(Data shown begins)
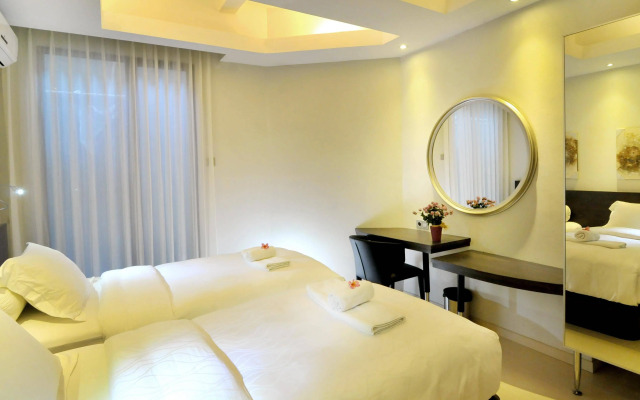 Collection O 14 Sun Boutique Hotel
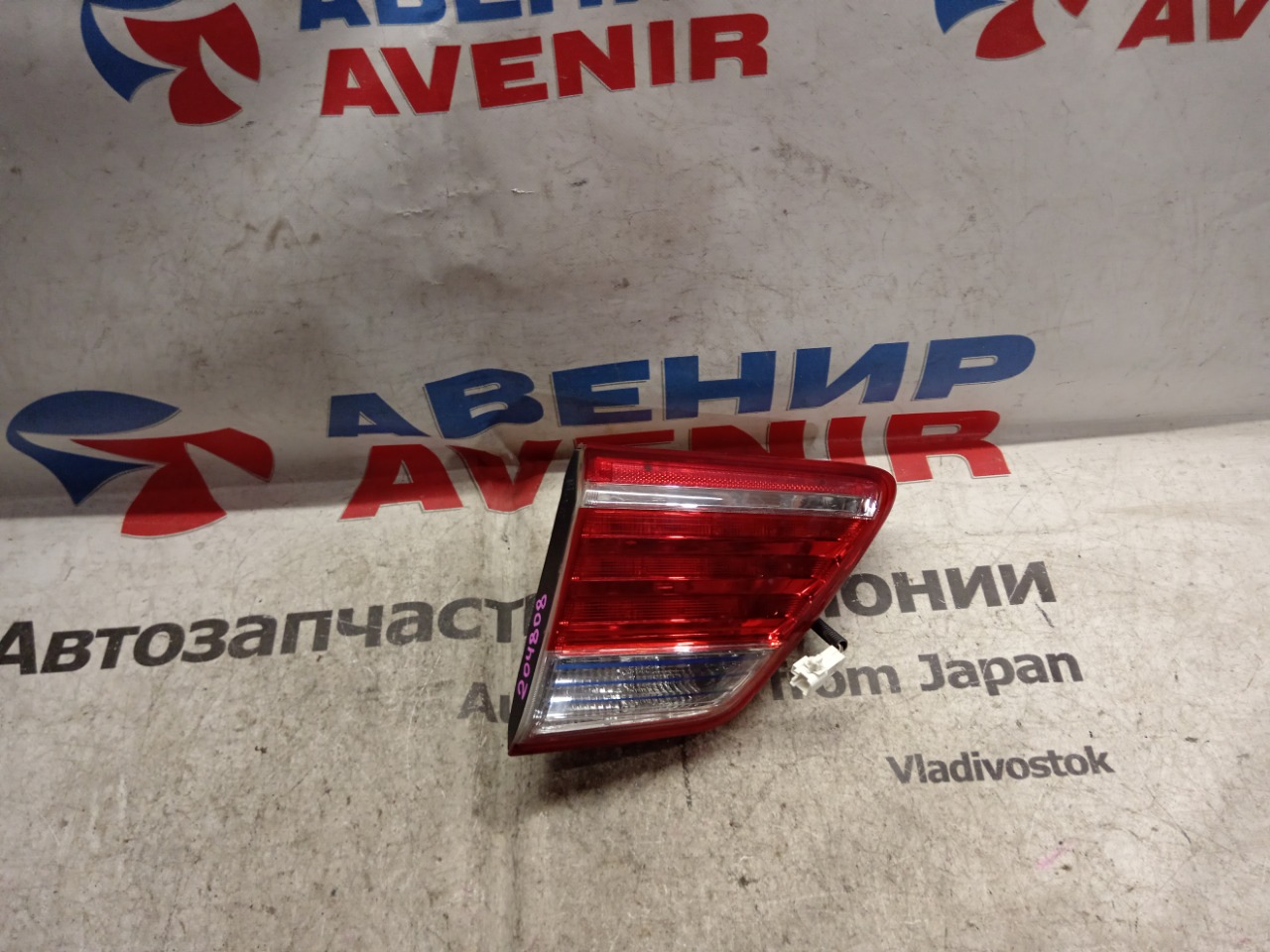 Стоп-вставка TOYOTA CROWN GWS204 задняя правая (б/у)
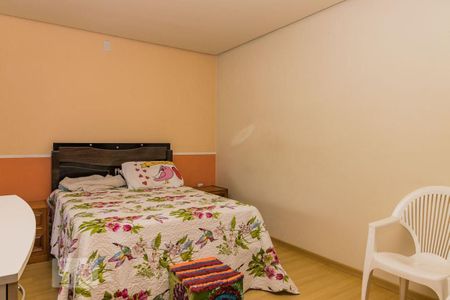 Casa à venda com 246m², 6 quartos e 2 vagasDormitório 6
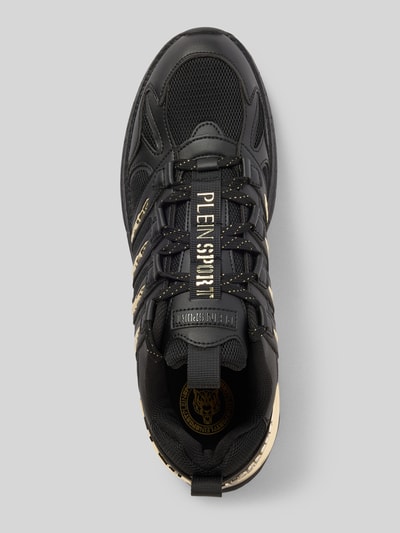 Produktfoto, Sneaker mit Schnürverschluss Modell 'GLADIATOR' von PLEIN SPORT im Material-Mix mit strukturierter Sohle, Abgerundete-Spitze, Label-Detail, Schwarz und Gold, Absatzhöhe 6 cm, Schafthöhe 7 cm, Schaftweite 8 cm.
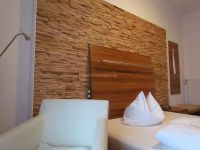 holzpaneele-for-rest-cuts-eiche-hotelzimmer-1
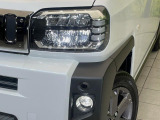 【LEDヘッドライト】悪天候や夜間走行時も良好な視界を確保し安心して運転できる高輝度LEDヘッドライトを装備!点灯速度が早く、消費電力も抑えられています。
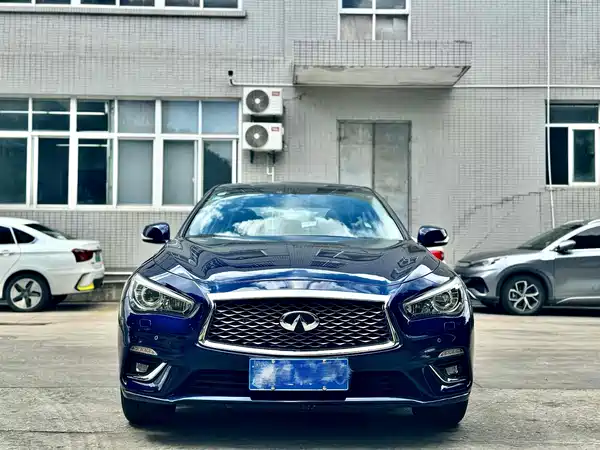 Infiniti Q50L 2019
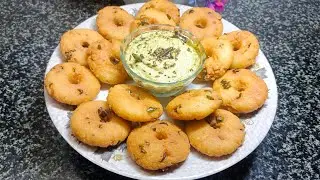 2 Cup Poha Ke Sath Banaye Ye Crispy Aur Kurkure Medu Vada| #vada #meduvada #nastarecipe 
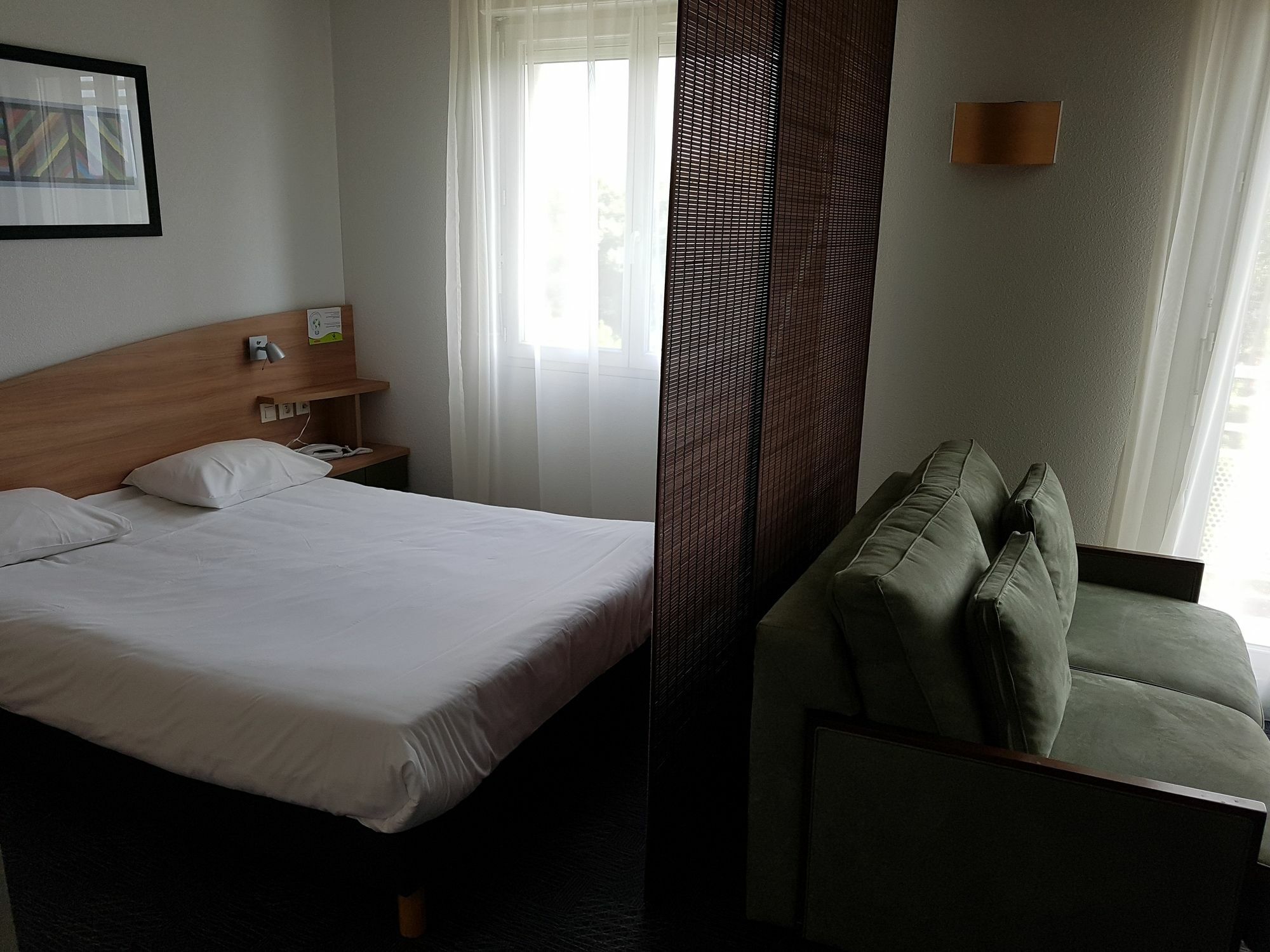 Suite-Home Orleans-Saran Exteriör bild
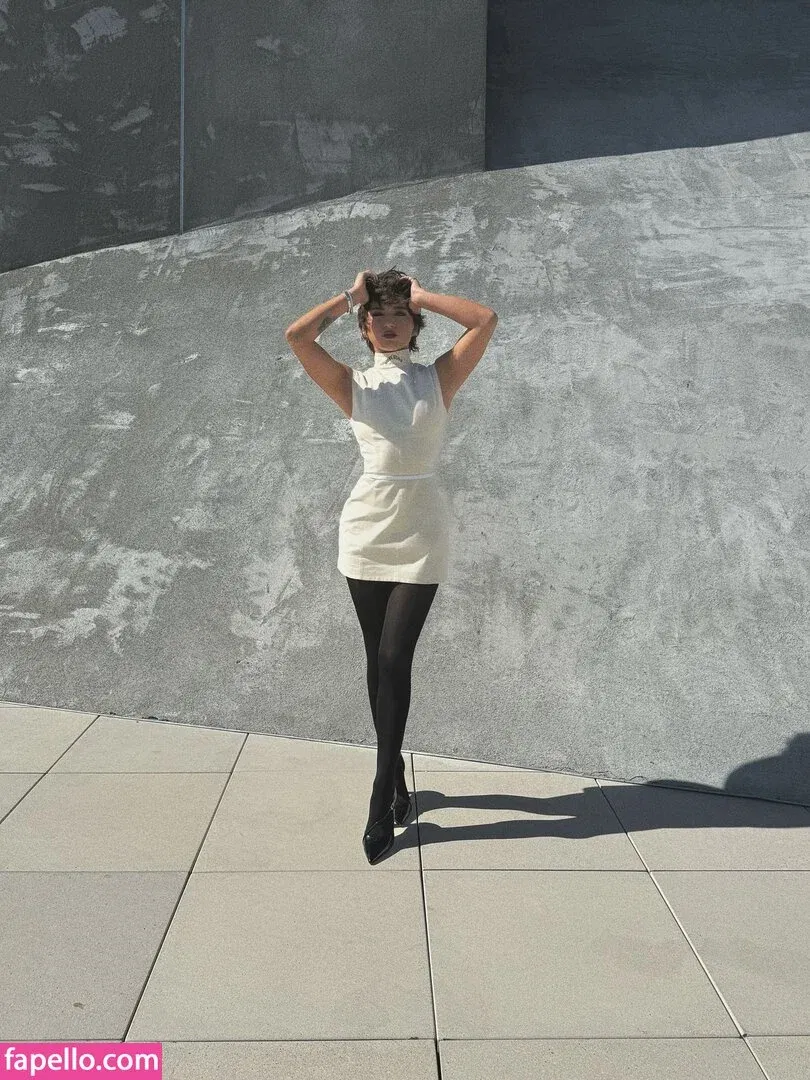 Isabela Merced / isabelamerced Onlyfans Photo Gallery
(Data shown ends)
--- Task requirements ---
All lines from the one containing "Стоп-вставка TOYOTA CROWN" through the final line of the records are to be retyped exactly; no other lines and no pictures are to be included.

--- Answer below ---
 Стоп-вставка TOYOTA CROWN GWS204 задняя правая (б/у)
 Casa à venda com 246m², 6 quartos e 2 vagasDormitório 6
 Produktfoto, Sneaker mit Schnürverschluss Modell 'GLADIATOR' von PLEIN SPORT im Material-Mix mit strukturierter Sohle, Abgerundete-Spitze, Label-Detail, Schwarz und Gold, Absatzhöhe 6 cm, Schafthöhe 7 cm, Schaftweite 8 cm.
 holzpaneele-for-rest-cuts-eiche-hotelzimmer-1
 【LEDヘッドライト】悪天候や夜間走行時も良好な視界を確保し安心して運転できる高輝度LEDヘッドライトを装備!点灯速度が早く、消費電力も抑えられています。
 Infiniti Q50L 2019
 2 Cup Poha Ke Sath Banaye Ye Crispy Aur Kurkure Medu Vada| #vada #meduvada #nastarecipe 
 Suite-Home Orleans-Saran Exteriör bild
 Isabela Merced / isabelamerced Onlyfans Photo Gallery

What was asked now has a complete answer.